Material provided:
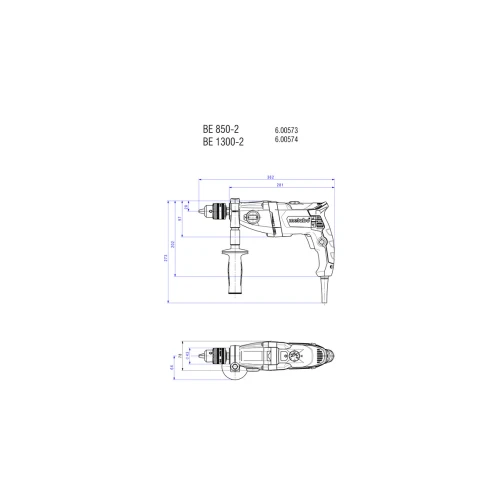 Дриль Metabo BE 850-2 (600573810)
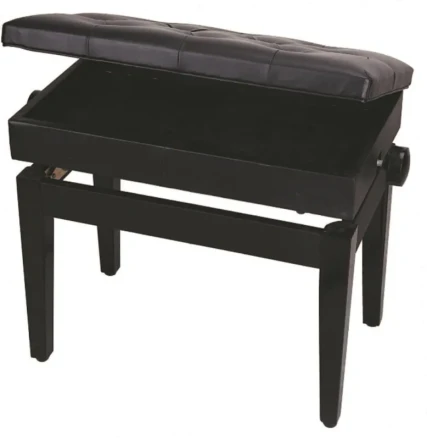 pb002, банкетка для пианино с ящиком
==
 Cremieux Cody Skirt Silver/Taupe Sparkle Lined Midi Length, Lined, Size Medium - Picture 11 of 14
---
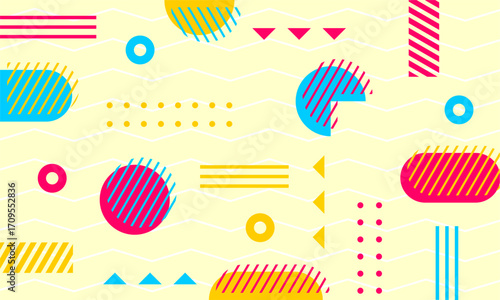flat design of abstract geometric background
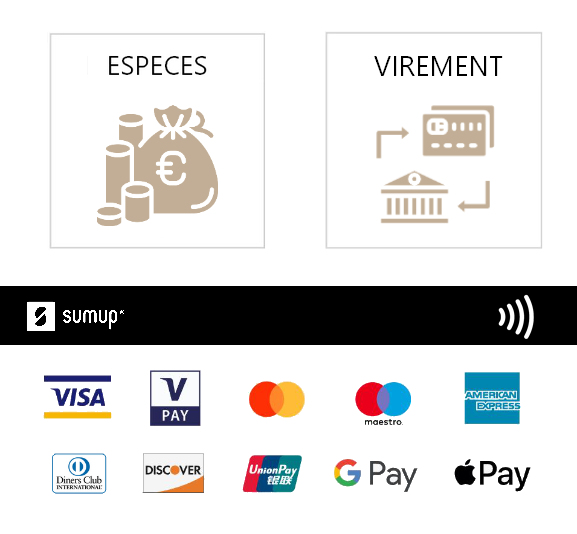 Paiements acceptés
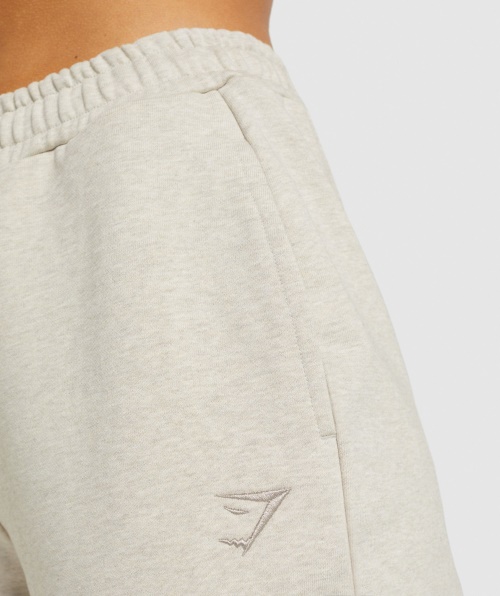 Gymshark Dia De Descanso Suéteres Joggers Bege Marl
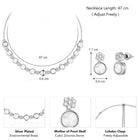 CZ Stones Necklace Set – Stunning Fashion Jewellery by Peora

Description of the task: Using the entries above, repeat exactly the lines from the one with "Paiements acceptés" to the one with "CZ Stones Necklace", both included, and leave the pictures behind.

Your solution:
 Paiements acceptés
 Gymshark Dia De Descanso Suéteres Joggers Bege Marl
 CZ Stones Necklace Set – Stunning Fashion Jewellery by Peora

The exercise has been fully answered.